The National Accountability Bureau (NAB)’s scuffle with the bureaucracy enters its third day, as the bureaucracy circles proceed into discussions for strikes – to protest the arrest of Lahore Development Authority director general Ahad Cheema.

Government officers, including the Pakistan Administrative Services (PAF) are considering strikes to protest the humiliation of the arrest. The additional chief secretary called a meeting at the Government Officers Residence (GOF), dedicated to discuss the alleged illegality of the arrest, which was attended by a large number of senior officers.

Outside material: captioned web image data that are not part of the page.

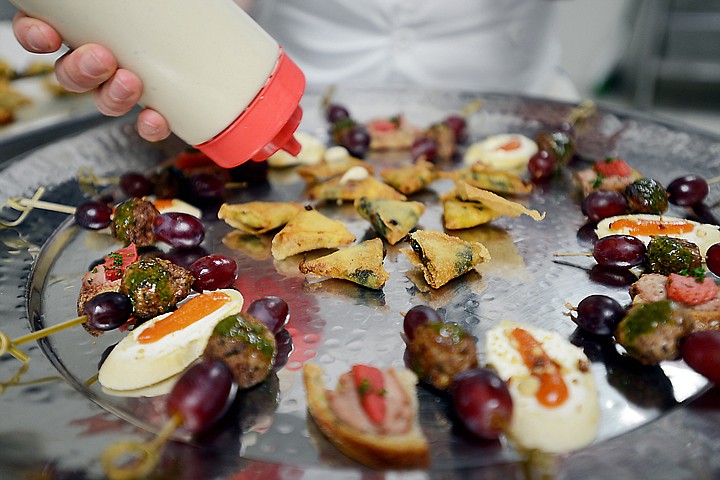 <p>Culinary Arts student Alex Hanson adds a finishing touch to a tray of appetizers at the Flathead Valley Community College spring fundraiser "Casablanca the Dinner" on Saturday, April 12, in Kalispell. The Bites to Begin included: Grilled Kefta with Cilantro dressing and grapes, Spinach Rolls with Caper-Pine Nut sauce, Crostini with grated almonds, fresh cheese, and tomato jam, and Berbere-cured chiken liver mousse. (Brenda Ahearn/Daily Inter Lake)</p>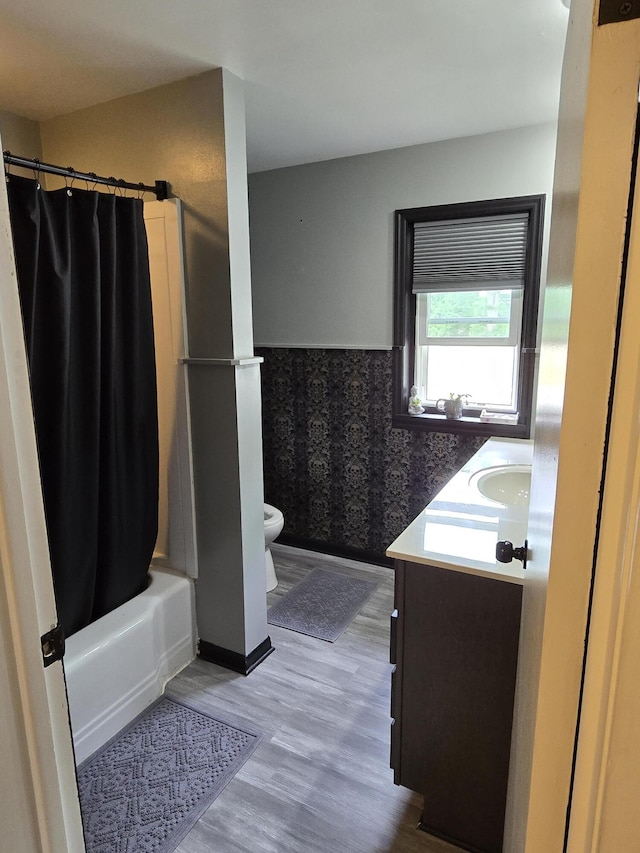 3330 Bradford St NE, Grand Rapids, MI 49525 - full bathroom featuring vanity, wood finished floors, wainscoting, and shower / bath combo with shower curtain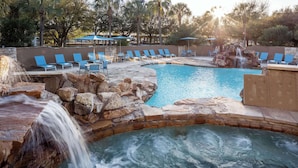 A pool area with a waterfall, lounge chairs, and a stone wall. - Sonesta Hotel Houston IAH Airport (Houston)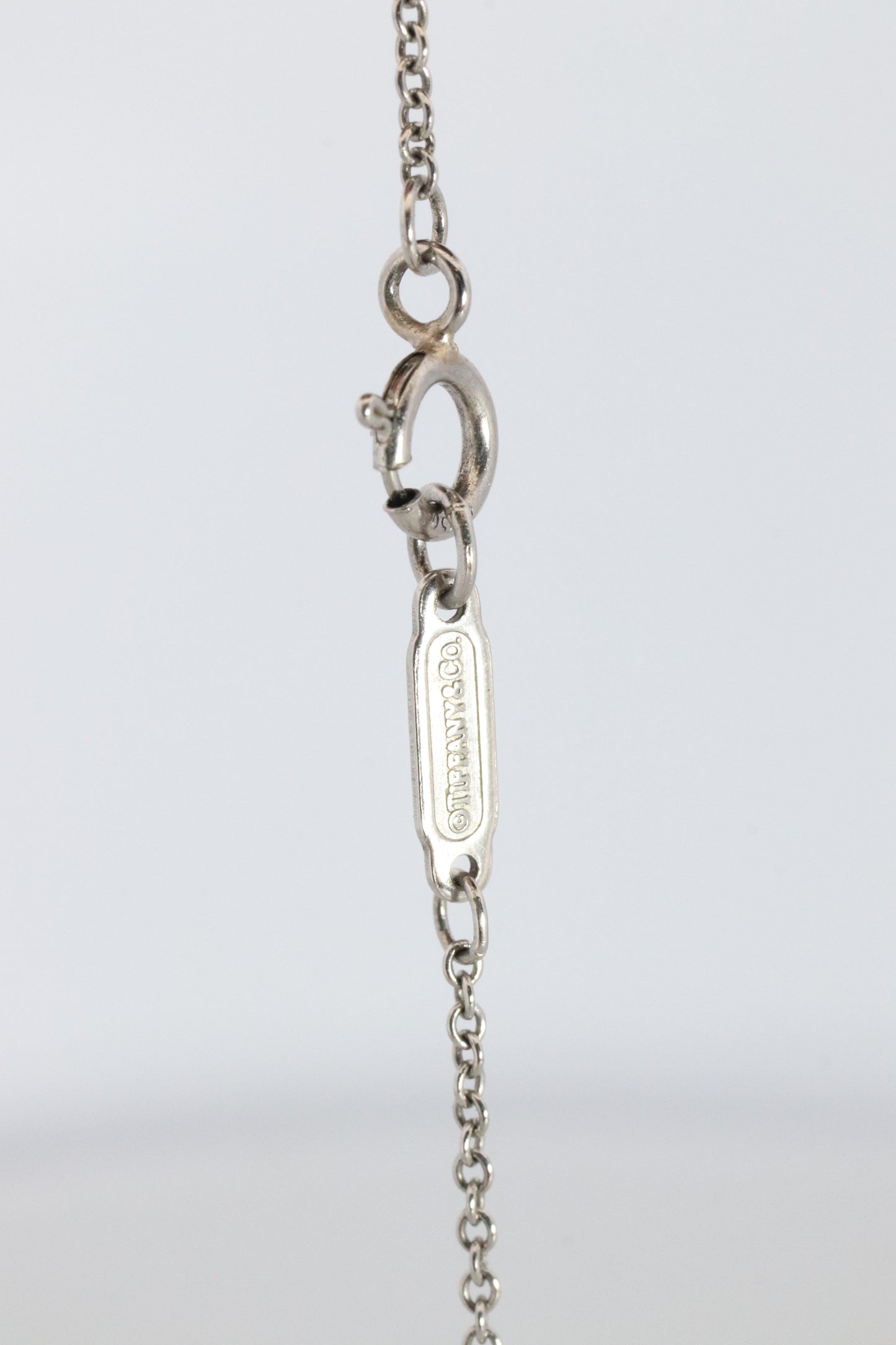 Tiffany Co Diamond Solitaire Necklace. Platinum 0.15ct Diamond Pendant.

There is no doubt that the issue of the arrest is being made into a political one. The arrest propelled the Punjab cabinet to meet for the first time in ages, to discuss the matter and how the arrest encroached upon the “supremacy of law”. Moreover, several Pakistan Muslim League-Nawaz (PML-N) politicians have condemned NAB’s actions. Ahsan Iqbal said the NAB was attempting to influence and change the loyalties of politicians and were trying to break their political association with Nawaz Sharif. Rana Sanaullah and Ayaz Sadiq have also condemned the alleged illegality of the arrest. The idea that is being perpetuated is that this arrest is one in a long series of injustices perpetuated by NAB, and is evidence that the judiciary, coupled with NAB, is overstepping its bounds for a political agenda, now by cracking down on the bureaucracy.

It is true that the procedure around the arrest was ill-advised. It is unprecedented to humiliate the accused by publicising the arrest and posting the picture and name, and the arrest should have been conducted, keeping the dignity of the accused intact. However, by law, if NAB does have “overwhelming” evidence, as it claims to have had in this case, it can make such an arrest.

This issue should not be politicised, either by the government or NAB, but be treated as a routine procedure. The opposition should also refrain from giving the arrest a political hue- Pakistan Tehreek-i-Insaaf (PTI)’s actions of calling Ahad Cheema Shahbaz Sharif’s right hand man was an unwise move, that does not help the NAB case in any positive way.

Even if it is being given a political tint, or perhaps because of it, the bureaucracy should not protest in out-right ways, as it is considering doing in meetings. Choosing to head an institutional war, in these political circumstances, is a heavy burden, especially in this case, where the arguments for Ahad Cheema are legally sketchy.